Experienced systems administrators will tell you that server performance issues are closely related to applications administration. While that’s true, there are some fundamental issues that relate specifically to server performance that apply across the board, no matter which applications you have running on it.
In this report, you will learn how to simplify your server monitoring duties and how to break down the important tasks to make them manageable. We’re going to look at the following monitoring categories:
- Server availability
- Server utilization
- Physical properties
Once you establish a routine, monitoring tasks become very straight forward.
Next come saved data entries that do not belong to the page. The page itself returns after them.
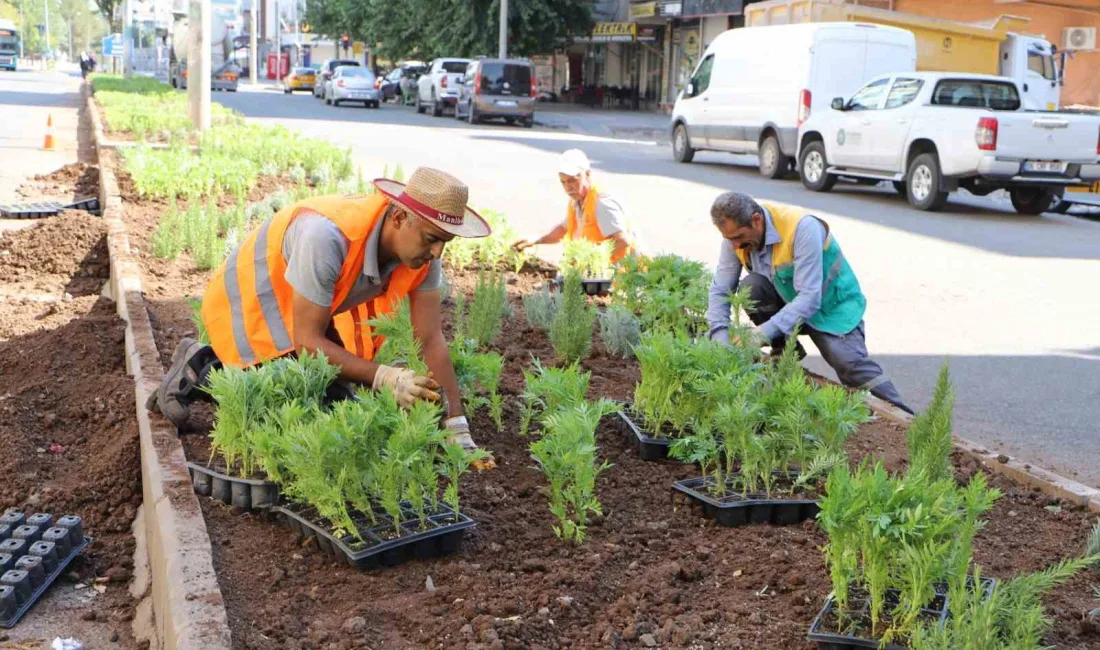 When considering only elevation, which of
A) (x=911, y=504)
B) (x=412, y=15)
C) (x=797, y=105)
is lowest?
(x=911, y=504)

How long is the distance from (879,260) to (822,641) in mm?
9002

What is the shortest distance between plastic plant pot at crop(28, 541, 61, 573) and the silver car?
135ft

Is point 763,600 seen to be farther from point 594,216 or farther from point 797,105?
point 797,105

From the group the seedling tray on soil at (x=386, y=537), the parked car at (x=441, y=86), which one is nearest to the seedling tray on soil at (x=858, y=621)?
the seedling tray on soil at (x=386, y=537)

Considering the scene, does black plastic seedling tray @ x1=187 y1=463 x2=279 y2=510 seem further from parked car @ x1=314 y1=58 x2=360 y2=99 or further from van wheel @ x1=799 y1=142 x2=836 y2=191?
parked car @ x1=314 y1=58 x2=360 y2=99

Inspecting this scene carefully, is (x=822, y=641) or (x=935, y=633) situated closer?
(x=935, y=633)

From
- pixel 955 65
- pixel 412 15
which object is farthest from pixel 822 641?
pixel 412 15

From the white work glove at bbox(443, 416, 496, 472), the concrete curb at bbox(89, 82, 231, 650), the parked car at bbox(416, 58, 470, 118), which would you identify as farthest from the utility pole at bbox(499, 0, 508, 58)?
the white work glove at bbox(443, 416, 496, 472)

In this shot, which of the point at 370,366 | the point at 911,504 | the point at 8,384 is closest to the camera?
the point at 911,504

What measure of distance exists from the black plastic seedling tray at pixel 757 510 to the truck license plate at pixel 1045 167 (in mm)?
13101

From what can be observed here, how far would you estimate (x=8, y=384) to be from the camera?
6.19 m

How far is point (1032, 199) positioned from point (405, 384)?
48.8ft

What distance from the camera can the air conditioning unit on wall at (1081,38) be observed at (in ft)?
104

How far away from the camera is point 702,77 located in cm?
2320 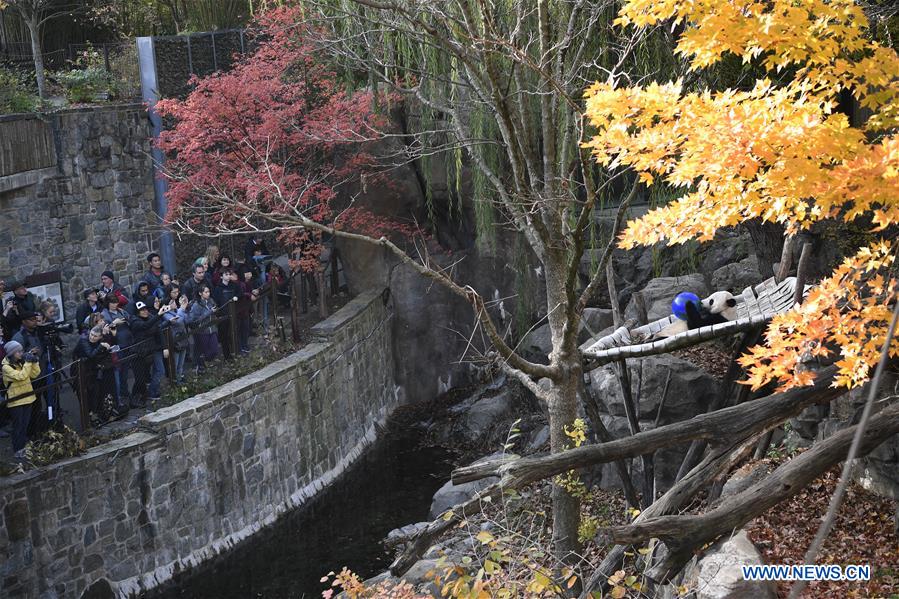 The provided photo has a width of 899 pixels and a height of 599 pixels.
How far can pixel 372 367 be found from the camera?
16.4 m

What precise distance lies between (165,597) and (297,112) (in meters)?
6.88

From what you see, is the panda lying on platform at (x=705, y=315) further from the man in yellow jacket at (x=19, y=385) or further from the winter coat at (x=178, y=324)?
the man in yellow jacket at (x=19, y=385)

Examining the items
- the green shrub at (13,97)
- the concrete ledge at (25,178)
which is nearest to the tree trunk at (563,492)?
the concrete ledge at (25,178)

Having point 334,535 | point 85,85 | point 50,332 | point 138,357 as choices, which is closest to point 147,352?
point 138,357

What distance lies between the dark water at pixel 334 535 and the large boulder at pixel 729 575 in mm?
5174

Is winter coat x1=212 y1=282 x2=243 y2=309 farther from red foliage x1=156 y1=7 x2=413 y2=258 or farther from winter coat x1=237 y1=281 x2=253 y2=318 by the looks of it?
red foliage x1=156 y1=7 x2=413 y2=258

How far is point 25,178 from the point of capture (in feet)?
47.3

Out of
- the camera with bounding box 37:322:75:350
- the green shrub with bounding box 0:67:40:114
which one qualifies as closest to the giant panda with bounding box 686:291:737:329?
the camera with bounding box 37:322:75:350

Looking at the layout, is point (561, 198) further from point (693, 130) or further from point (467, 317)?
point (467, 317)

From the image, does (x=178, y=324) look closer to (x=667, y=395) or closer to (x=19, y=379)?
(x=19, y=379)

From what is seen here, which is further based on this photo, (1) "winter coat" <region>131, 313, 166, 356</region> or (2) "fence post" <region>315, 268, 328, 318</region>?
(2) "fence post" <region>315, 268, 328, 318</region>

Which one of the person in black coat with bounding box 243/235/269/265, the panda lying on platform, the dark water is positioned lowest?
the dark water

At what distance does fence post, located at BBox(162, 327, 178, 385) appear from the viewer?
11.9m

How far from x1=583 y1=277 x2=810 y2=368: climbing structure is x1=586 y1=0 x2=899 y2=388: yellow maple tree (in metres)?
1.70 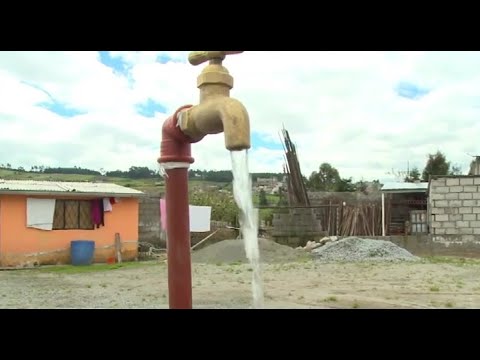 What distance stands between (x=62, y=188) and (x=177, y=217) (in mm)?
10959

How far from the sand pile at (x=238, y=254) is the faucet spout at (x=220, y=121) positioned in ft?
33.6

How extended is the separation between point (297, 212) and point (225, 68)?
42.8ft

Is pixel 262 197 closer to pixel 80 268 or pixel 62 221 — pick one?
pixel 62 221

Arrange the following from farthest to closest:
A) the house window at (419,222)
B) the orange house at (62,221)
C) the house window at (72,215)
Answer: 1. the house window at (419,222)
2. the house window at (72,215)
3. the orange house at (62,221)

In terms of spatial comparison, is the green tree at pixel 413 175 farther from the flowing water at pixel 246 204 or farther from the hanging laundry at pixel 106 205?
the flowing water at pixel 246 204

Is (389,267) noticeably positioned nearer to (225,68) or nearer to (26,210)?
(26,210)

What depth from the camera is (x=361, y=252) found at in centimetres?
1241

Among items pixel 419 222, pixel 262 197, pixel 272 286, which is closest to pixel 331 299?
pixel 272 286

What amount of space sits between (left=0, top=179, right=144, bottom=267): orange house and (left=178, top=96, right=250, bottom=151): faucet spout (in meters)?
10.3

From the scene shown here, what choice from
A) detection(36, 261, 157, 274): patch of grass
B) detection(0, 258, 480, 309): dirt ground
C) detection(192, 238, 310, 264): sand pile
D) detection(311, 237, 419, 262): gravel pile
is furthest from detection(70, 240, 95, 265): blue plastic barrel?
detection(311, 237, 419, 262): gravel pile

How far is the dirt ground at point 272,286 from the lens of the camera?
243 inches

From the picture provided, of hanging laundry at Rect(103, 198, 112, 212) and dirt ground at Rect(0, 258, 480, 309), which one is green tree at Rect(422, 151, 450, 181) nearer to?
dirt ground at Rect(0, 258, 480, 309)

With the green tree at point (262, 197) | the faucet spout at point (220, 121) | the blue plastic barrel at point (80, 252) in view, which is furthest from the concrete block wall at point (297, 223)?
the faucet spout at point (220, 121) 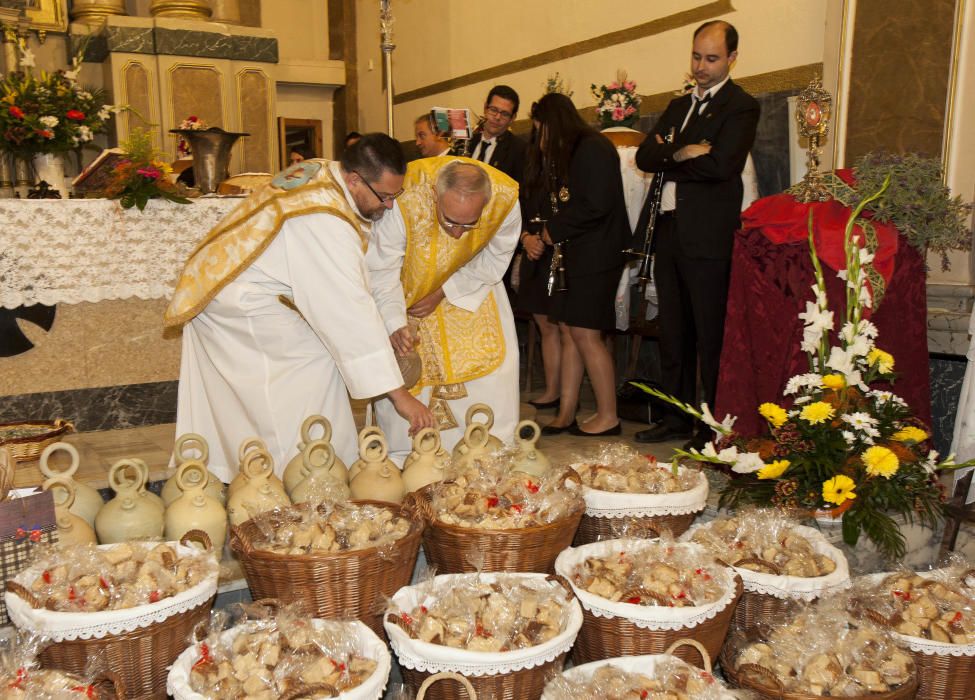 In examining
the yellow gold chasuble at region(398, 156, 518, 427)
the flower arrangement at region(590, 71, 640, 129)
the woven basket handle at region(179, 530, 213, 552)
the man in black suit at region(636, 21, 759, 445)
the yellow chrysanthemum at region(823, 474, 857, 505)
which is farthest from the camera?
the flower arrangement at region(590, 71, 640, 129)

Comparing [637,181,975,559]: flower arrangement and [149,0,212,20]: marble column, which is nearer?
[637,181,975,559]: flower arrangement

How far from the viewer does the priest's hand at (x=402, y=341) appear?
3607 mm

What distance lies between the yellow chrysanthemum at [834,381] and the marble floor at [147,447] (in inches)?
51.0

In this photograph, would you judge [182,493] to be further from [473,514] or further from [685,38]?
[685,38]

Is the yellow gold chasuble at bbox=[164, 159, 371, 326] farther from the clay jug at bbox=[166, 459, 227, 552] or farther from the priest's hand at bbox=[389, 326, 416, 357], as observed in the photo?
the clay jug at bbox=[166, 459, 227, 552]

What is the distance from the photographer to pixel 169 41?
8031mm

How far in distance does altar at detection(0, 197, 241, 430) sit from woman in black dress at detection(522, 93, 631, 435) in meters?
1.80

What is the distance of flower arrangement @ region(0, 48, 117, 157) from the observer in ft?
15.6

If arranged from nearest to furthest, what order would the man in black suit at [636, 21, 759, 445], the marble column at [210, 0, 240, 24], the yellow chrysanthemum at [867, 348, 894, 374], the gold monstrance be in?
the yellow chrysanthemum at [867, 348, 894, 374] < the gold monstrance < the man in black suit at [636, 21, 759, 445] < the marble column at [210, 0, 240, 24]

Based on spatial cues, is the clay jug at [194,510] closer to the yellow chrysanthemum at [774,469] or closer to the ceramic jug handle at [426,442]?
the ceramic jug handle at [426,442]

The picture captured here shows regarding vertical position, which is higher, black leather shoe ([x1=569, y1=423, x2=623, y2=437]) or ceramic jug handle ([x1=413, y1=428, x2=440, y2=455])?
ceramic jug handle ([x1=413, y1=428, x2=440, y2=455])

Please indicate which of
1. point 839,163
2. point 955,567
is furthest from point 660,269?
point 955,567

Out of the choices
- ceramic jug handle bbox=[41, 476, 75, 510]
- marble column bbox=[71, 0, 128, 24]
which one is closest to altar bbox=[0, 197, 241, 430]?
ceramic jug handle bbox=[41, 476, 75, 510]

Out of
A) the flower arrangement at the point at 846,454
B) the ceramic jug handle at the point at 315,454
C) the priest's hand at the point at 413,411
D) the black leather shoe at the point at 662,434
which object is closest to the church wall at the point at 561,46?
the black leather shoe at the point at 662,434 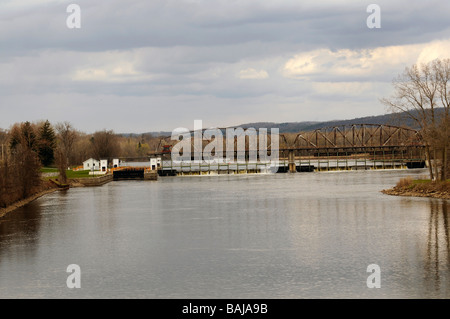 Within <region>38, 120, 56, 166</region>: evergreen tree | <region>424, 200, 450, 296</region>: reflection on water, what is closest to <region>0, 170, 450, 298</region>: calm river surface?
<region>424, 200, 450, 296</region>: reflection on water

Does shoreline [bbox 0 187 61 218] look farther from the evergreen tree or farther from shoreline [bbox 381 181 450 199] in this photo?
the evergreen tree

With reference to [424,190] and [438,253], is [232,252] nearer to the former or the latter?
[438,253]

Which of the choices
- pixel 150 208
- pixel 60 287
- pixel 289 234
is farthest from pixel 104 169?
pixel 60 287

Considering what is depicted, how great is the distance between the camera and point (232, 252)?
32188mm

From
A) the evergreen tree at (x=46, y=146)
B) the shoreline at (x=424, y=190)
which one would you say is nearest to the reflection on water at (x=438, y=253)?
the shoreline at (x=424, y=190)

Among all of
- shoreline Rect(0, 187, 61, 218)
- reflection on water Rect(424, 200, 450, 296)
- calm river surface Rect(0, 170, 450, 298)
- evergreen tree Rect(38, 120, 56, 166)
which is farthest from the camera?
evergreen tree Rect(38, 120, 56, 166)

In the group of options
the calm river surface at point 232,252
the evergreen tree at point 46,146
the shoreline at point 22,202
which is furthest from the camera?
the evergreen tree at point 46,146

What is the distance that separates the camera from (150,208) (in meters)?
61.1

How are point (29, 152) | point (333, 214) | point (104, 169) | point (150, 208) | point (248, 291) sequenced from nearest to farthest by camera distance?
point (248, 291) → point (333, 214) → point (150, 208) → point (29, 152) → point (104, 169)

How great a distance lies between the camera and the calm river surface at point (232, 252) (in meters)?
24.3

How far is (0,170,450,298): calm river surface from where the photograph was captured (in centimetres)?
2427

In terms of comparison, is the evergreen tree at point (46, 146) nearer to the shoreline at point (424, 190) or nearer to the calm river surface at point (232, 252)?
the calm river surface at point (232, 252) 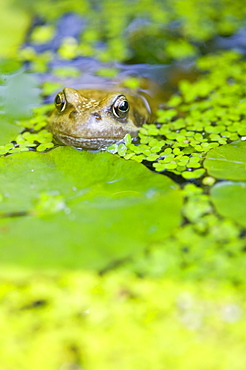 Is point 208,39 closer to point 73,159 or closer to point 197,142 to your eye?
point 197,142

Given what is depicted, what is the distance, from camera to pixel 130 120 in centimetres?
244

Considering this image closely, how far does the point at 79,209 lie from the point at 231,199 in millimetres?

You just need to know where to start.
- 1 Server availability
- 2 Server utilization
- 3 Physical properties
- 4 Monitoring tools
- 5 Implementing server monitoring
No matter whether your server has lots of spare capacity or you are pushing its limits, the only thing that the user community cares about is that it is available. The worst performance issue the server will experience is you taking it offline.
In order to keep the server running at its top performance, you are going to need to take it offline from time to time. You will need to perform system cleaning tasks, such as defragmenting the disk, removing temporary files, and reallocating resources, such as storage space, or VM configurations.
Set your monitoring strategy so that you get advanced warning of capacity limits being reached. These will give you the option of performing remedial action, such as creating more disk space ahead of time rather than at the last minute when users need access to the server.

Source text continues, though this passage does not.